#### DATA RECORDS ####

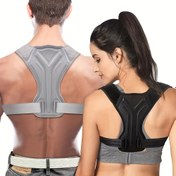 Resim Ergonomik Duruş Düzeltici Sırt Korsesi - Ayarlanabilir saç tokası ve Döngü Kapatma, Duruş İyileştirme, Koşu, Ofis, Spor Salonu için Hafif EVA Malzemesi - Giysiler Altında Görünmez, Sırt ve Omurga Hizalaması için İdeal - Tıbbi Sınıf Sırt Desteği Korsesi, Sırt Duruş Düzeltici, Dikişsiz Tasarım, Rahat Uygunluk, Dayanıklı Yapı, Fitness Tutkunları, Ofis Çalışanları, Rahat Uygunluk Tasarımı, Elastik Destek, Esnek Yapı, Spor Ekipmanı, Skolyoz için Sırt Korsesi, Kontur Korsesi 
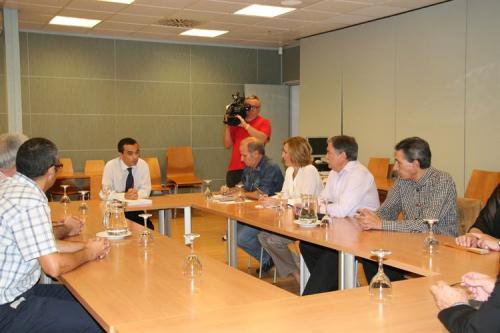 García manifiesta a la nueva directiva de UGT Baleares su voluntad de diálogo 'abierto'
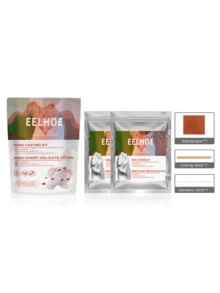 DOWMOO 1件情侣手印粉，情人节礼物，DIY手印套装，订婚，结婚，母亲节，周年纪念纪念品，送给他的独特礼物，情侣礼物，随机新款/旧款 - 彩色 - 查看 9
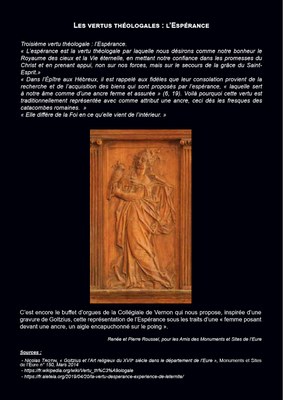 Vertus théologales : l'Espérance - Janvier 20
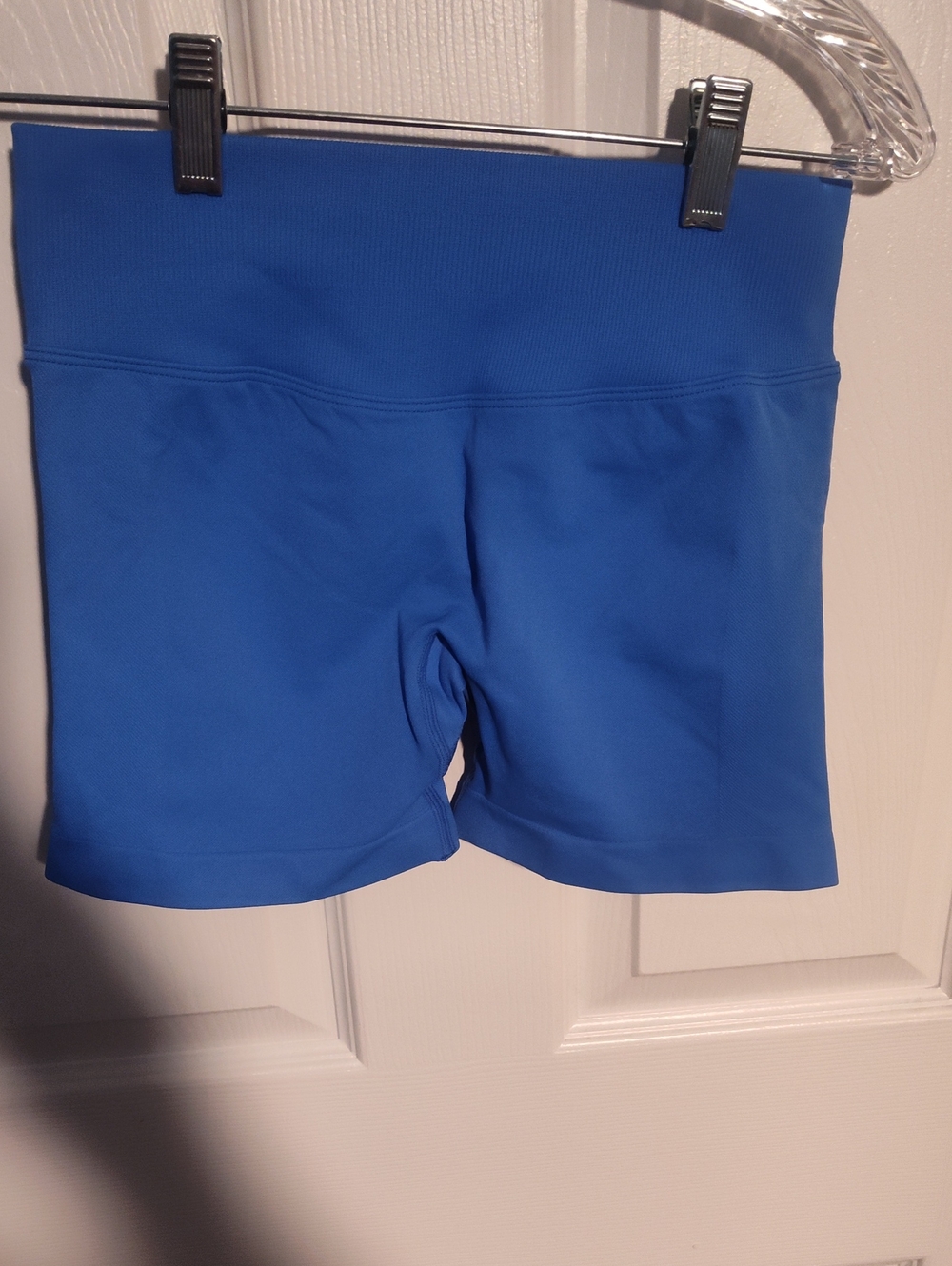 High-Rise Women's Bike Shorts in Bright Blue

####
#### DATA RECORDS ####

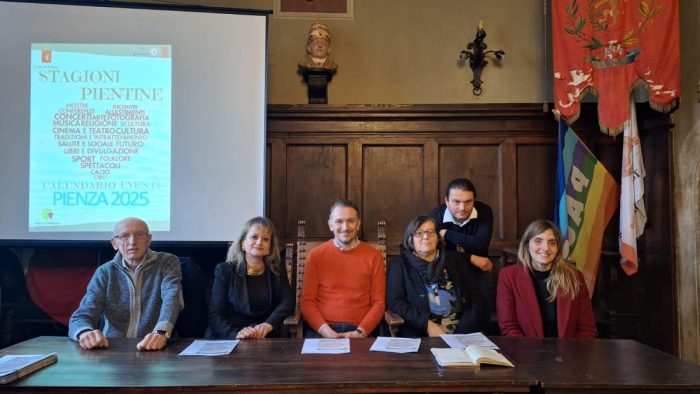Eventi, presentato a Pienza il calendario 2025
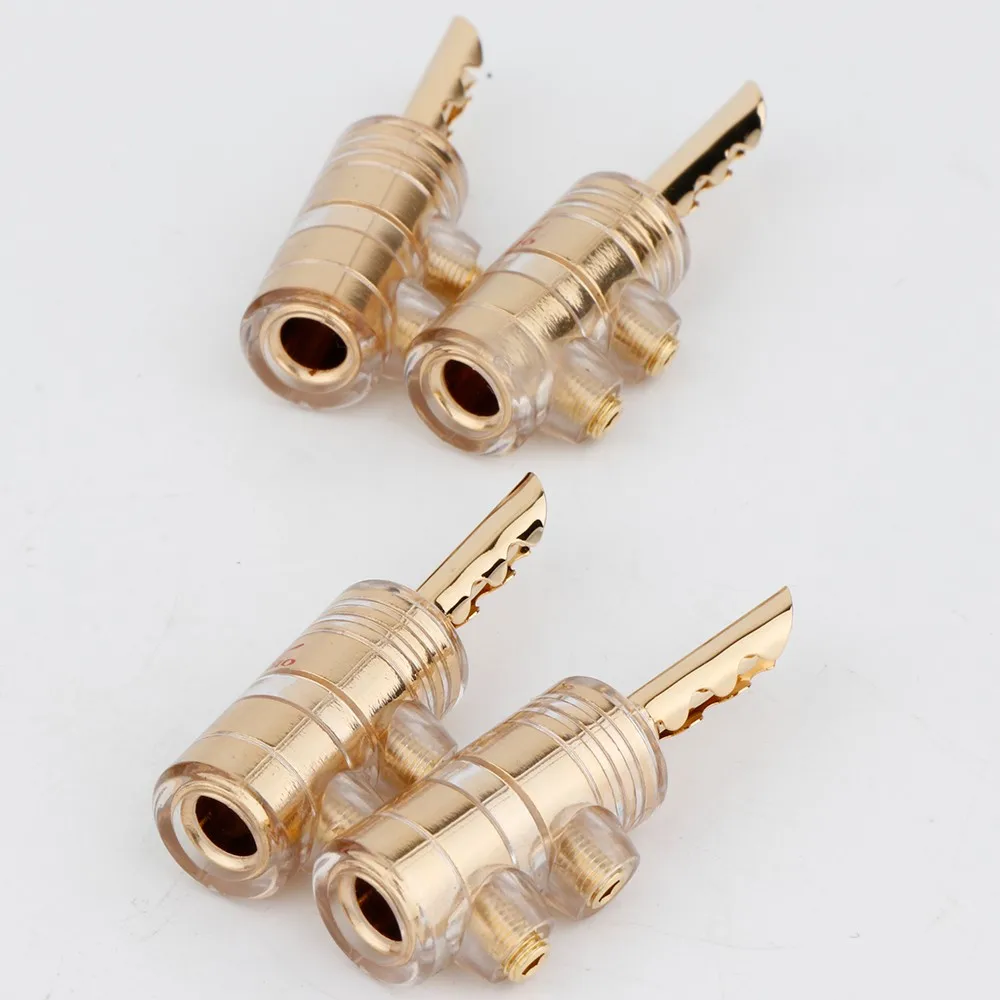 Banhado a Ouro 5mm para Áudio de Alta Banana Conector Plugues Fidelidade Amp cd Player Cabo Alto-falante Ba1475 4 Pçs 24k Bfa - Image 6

####

PROBLEM DESCRIPTION: Your answer should consist of the lines above between those holding "Resim Ergonomik Duruş" and "Vertus théologales : l'Espérance", inclusive, reproduced word for word and without pictures.

ANSWER TO THIS EXERCISE:
 Resim Ergonomik Duruş Düzeltici Sırt Korsesi - Ayarlanabilir saç tokası ve Döngü Kapatma, Duruş İyileştirme, Koşu, Ofis, Spor Salonu için Hafif EVA Malzemesi - Giysiler Altında Görünmez, Sırt ve Omurga Hizalaması için İdeal - Tıbbi Sınıf Sırt Desteği Korsesi, Sırt Duruş Düzeltici, Dikişsiz Tasarım, Rahat Uygunluk, Dayanıklı Yapı, Fitness Tutkunları, Ofis Çalışanları, Rahat Uygunluk Tasarımı, Elastik Destek, Esnek Yapı, Spor Ekipmanı, Skolyoz için Sırt Korsesi, Kontur Korsesi 
 García manifiesta a la nueva directiva de UGT Baleares su voluntad de diálogo 'abierto'
 DOWMOO 1件情侣手印粉，情人节礼物，DIY手印套装，订婚，结婚，母亲节，周年纪念纪念品，送给他的独特礼物，情侣礼物，随机新款/旧款 - 彩色 - 查看 9
 Vertus théologales : l'Espérance - Janvier 20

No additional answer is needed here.